I became a fish eater last April, when I visited an old friend in Halifax, Nova Scotia. We were at the pub, and I was through with eating gobs of hummus and fafel to satiate my titanic vegetarian hunger. So I had some fish and chips. No great revelation, it tasted not too unlike tofu.
So, a few months later I go to Sripraphai (thai food champions in Queens, assburn spicy style) with a few friends, and we decide to order a whole fried fish, with a chilli+basil sauce. They serve it up, I startle at the bones, and wonder what I’ve gotten myself into. The eating turns me half brute, snapping bones, licking my fingers, making a mess. I look at the head and ask my friends, “If I crack it open, will I find more to eat?” They look at me funny and don’t say much. I decide that since one of my friends hasn’t finished his share of some curry thing, I’ll finish that off and not look like I’ve devolved too far. When my friends aren’t looking, I poke at the eyes, and see that there’s not too much there, just charred black little beady things.

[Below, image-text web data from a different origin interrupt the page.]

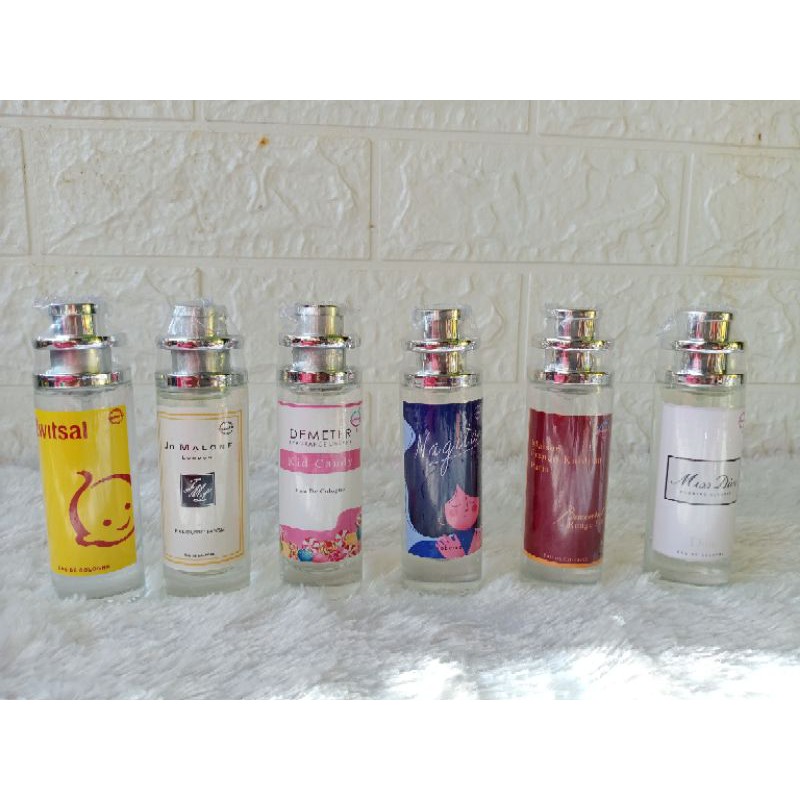 parfum Thailand ( 1 paket isi 3 botol)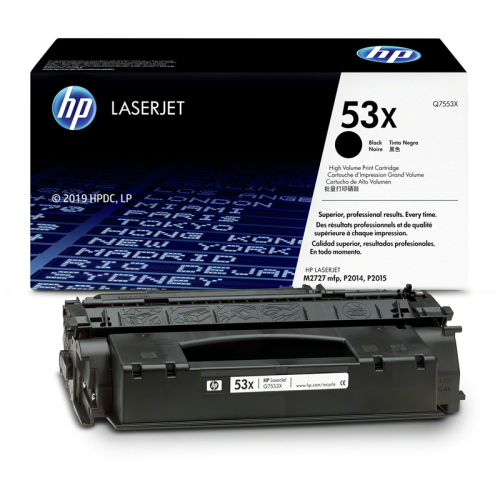 Картридж HP Q7553X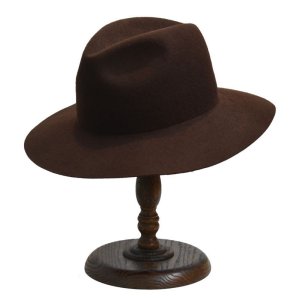 画像: yotsuba  - Felt Hat [BROWN]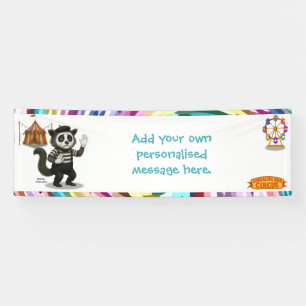 Marcel, civet mime banner
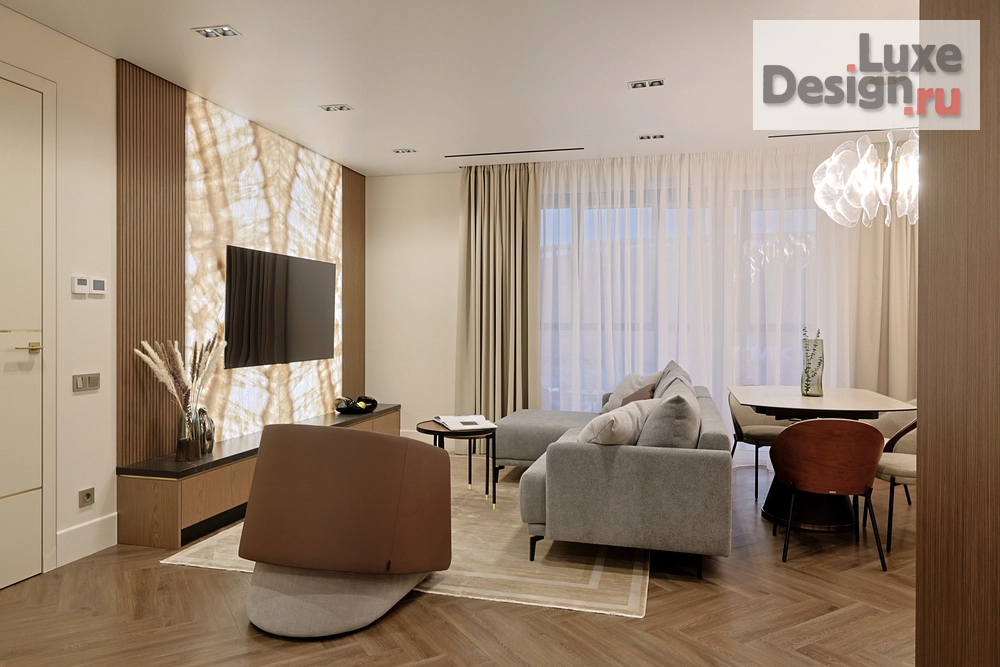 Дизайн интерьера двухкомнатной квартиры "Квартира " (фото 25)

Fast forward to my birthday in July, another fish comes, this time at Mina (my favorite restaurant ever, which closed it’s Queens location; the cook is now at Angon, in Manhattan, a 6th st place that I’m boycotting because the prices are fucking outrageous, and they’re probably catering to the lame taste of all of those people that go to the [mostly] lame places on 6th St.). A friend’s grandma is from India, via Jamaica, and she says that the eyes are the fish’s best part, and it’s good luck to eat them. I’m all for good luck, so down they go, and you know what? They really *are* the best part.
So I’m becoming a real fish eye fan; and am making subtle distinctions, and slowly notice that the more the cooked eye shows it’s structure, the less overcooked the fish is. Case in point: last weekend at Fiesta Mexicana (excellent new slightly upscale Mexican place on 75th and Roosevelt Ave in Queens, their ensalata de nopalitos is worth writing home about) the eye of the red snapper I ate was almost totally intact, even to the point of retaining the fluid. The hard thing at the back of the eye was still white and not crunchy like it is when the fish is overcooked. And it was the yummiest fish I’ve ever had, with stew tomatoes and onions, so soft and fresh.
In other news, this weekend I’ll be heading to a few Greeks places in Astoria in quest of Myzitra (inna Cretan soft stylee, not the hard stylee like everyone else.) It was the first cheese that I ever really loved, I consumed pounds upon pounds of it during my 2 week stay in Crete.